The Bill Arrived. Now What?
You've seen the email. OpenAI usage this month was significantly higher than last month. Maybe it's 2x. Maybe it's 5x. Maybe it's a number that's going to be hard to explain on the next budget review. Your first instinct is to log into the OpenAI usage dashboard and look for the cause.
Here's the problem: the usage dashboard shows you totals. Tokens in, tokens out, requests, by model, by day. It does not show you which team, which workflow, which feature, or which engineering decision caused the spike. You're looking at an aggregate that hides everything that would actually be useful. It's the equivalent of trying to debug a performance problem with only a total CPU percentage — you can tell something is wrong, but you can't tell what or where.
OpenAI API costs going out of control is a real and common problem. But the failure mode isn't usually a single obvious cause. It's usually one or more of five specific patterns that compound and interact. This post names them explicitly and explains what you need to see in order to fix each one.

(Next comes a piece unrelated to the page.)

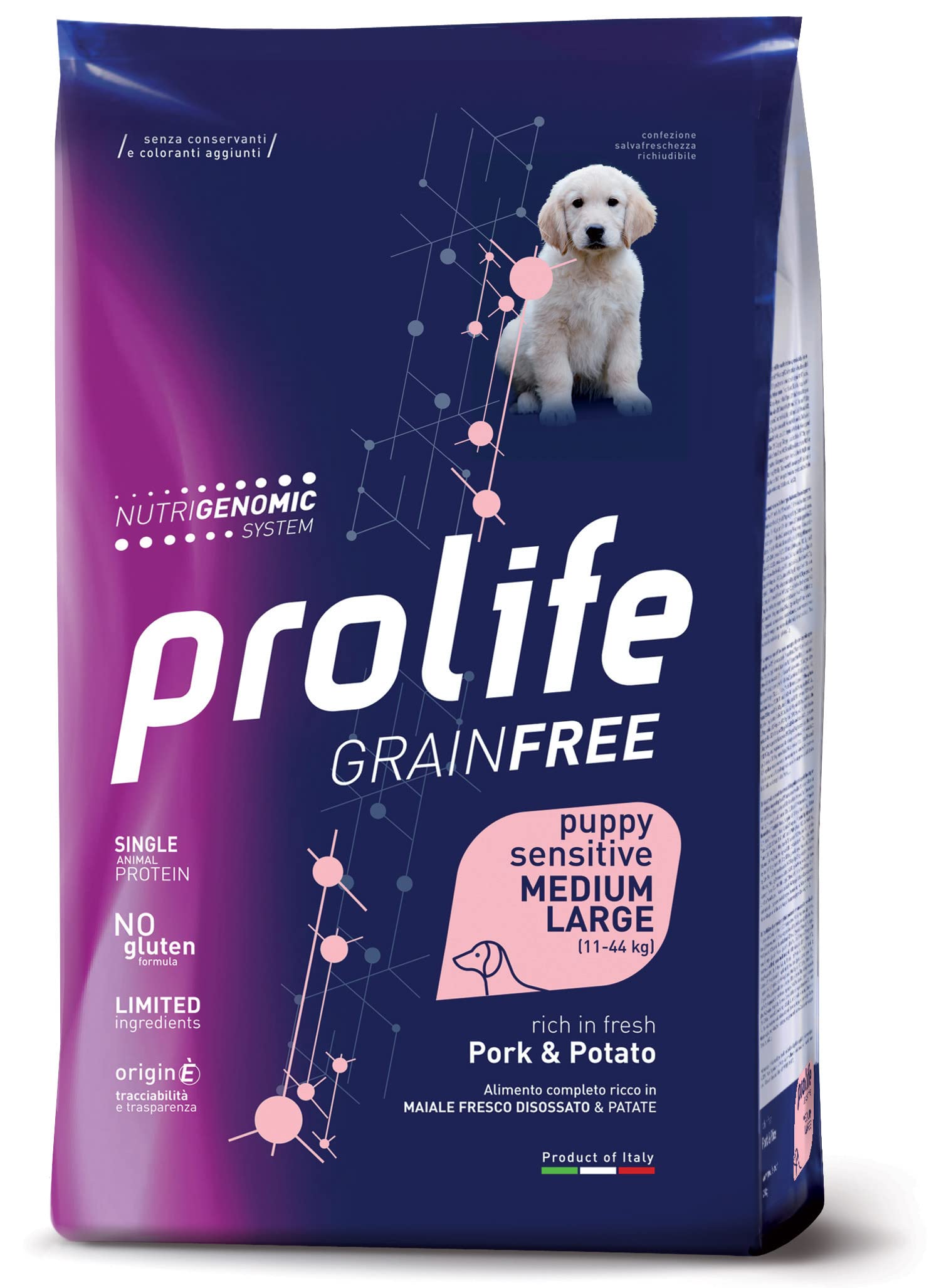 Prolife Grain Free Puppy Sensitive Maiale & Patate - Medium/Large. Sacco da 10 KG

Cause 1: Context Window Accumulation in Agentic Workflows
This is the most common cause of unexpected cost spikes in organizations running agentic workflows, and it's the least obvious until you understand how context pricing works.
Every token in the context window costs money — not just the tokens you're generating, but every token of context you're including. In a multi-turn agentic workflow, context accumulates. The agent adds tool results, intermediate reasoning, prior conversation turns, and retrieval results to the context with every step. By the fifth step of a 10-step workflow, you might be including 8,000 tokens of accumulated context to generate 100 tokens of output. The input token cost alone dwarfs what you'd expect if you thought only about the output.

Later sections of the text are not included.